● **WHAT THIS TASK INVOLVES**: In the material below, write out each line word for word and omit the pictures.

Top of DATA FOR PROCESSING

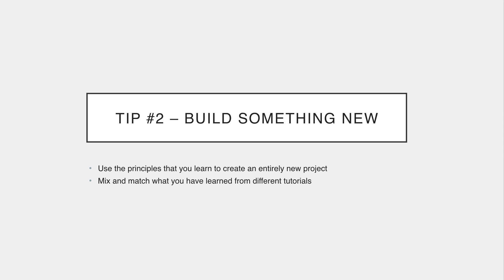So tip number two is to build something new. And what I mean by this is take the core principles that you learn in the tutorial or the course and create something completely different. Even using the same SpaceX app example, you could recreate something completely new using the same technologies, but just use a different API.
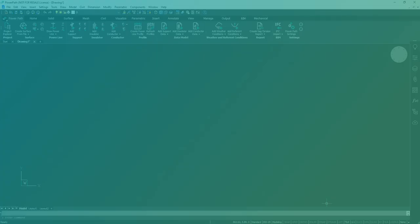Hello, through this video we will show you how to design overhead power line using software PowerPath.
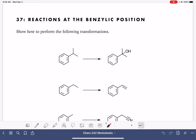On this worksheet, we're going to practice doing some reactions at the benzylic position. As a reminder, the benzylic position is the carbon atom that is attached directly to a benzene ring. So this carbon atom right here is benzylic.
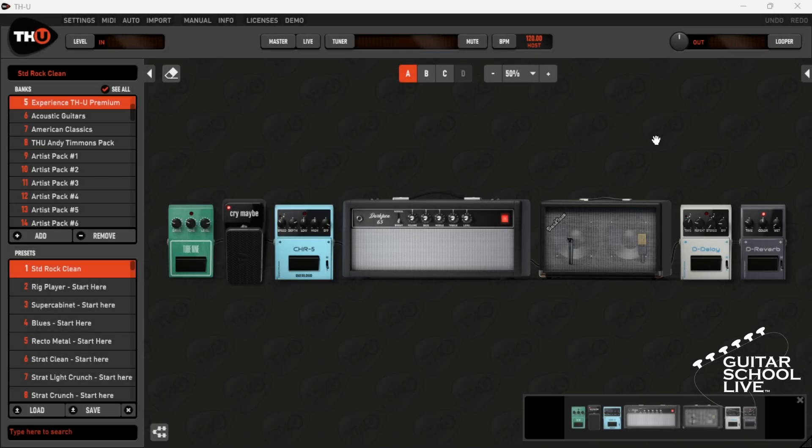Welcome to another video from Guitar School Live, made in partnership with Overloud Audio Tools. In this video, I'll show you how easy it is to control Overloud's THU with the FCB-1010 MIDI foot controller. Let's get started.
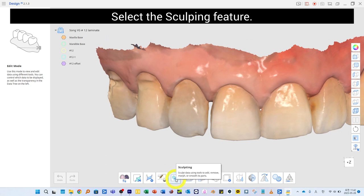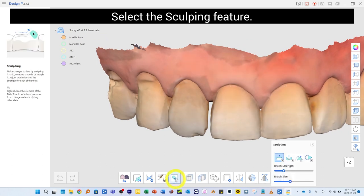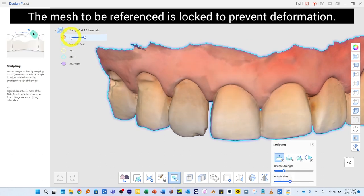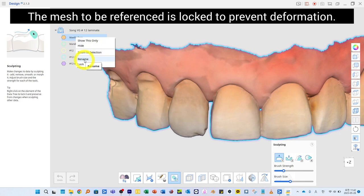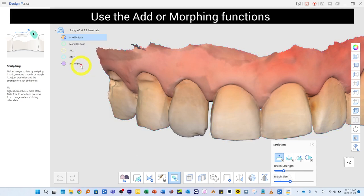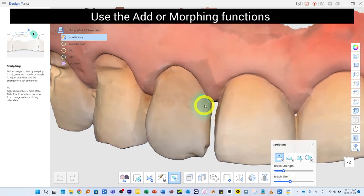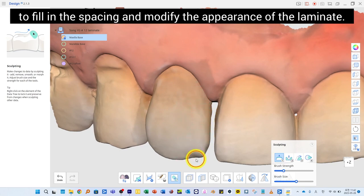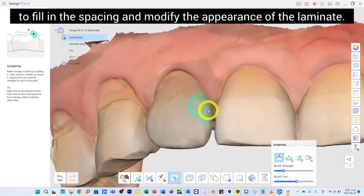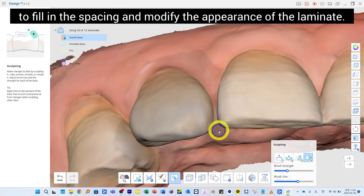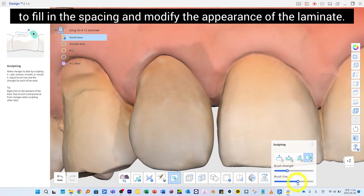Select the Sculpting feature. The mesh to be refined is wrapped to prevent deformation. Use the Add or Bulge function to fill in the spacing and modify the appearance of the laminate.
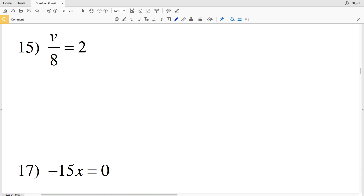Continuing on with the KUTA software free worksheet on one-step equations, we're going to do numbers 15 through 30, which will finish up this worksheet. What we're doing is solving each equation, which means we need to isolate the variable to find out what it is equal to.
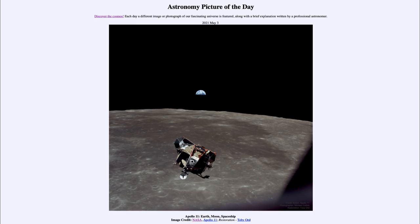Any other moon around any other planet would see exactly the same set of phases. The phases will always be the same because they are not tied to the specific objects, but to the way everything orbits around each other and the fact that everything is a solid body.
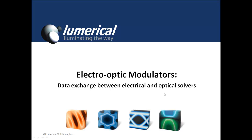This video demonstrates how to transfer data between Lumerical's electrical and optical solvers for simulating electro-optic modulators.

Bottom of DATA FOR PROCESSING

● **TASK RESULT**:
So tip number two is to build something new. And what I mean by this is take the core principles that you learn in the tutorial or the course and create something completely different. Even using the same SpaceX app example, you could recreate something completely new using the same technologies, but just use a different API.
Hello, through this video we will show you how to design overhead power line using software PowerPath.
On this worksheet, we're going to practice doing some reactions at the benzylic position. As a reminder, the benzylic position is the carbon atom that is attached directly to a benzene ring. So this carbon atom right here is benzylic.
Welcome to another video from Guitar School Live, made in partnership with Overloud Audio Tools. In this video, I'll show you how easy it is to control Overloud's THU with the FCB-1010 MIDI foot controller. Let's get started.
Select the Sculpting feature. The mesh to be refined is wrapped to prevent deformation. Use the Add or Bulge function to fill in the spacing and modify the appearance of the laminate.
Continuing on with the KUTA software free worksheet on one-step equations, we're going to do numbers 15 through 30, which will finish up this worksheet. What we're doing is solving each equation, which means we need to isolate the variable to find out what it is equal to.
Any other moon around any other planet would see exactly the same set of phases. The phases will always be the same because they are not tied to the specific objects, but to the way everything orbits around each other and the fact that everything is a solid body.
This video demonstrates how to transfer data between Lumerical's electrical and optical solvers for simulating electro-optic modulators.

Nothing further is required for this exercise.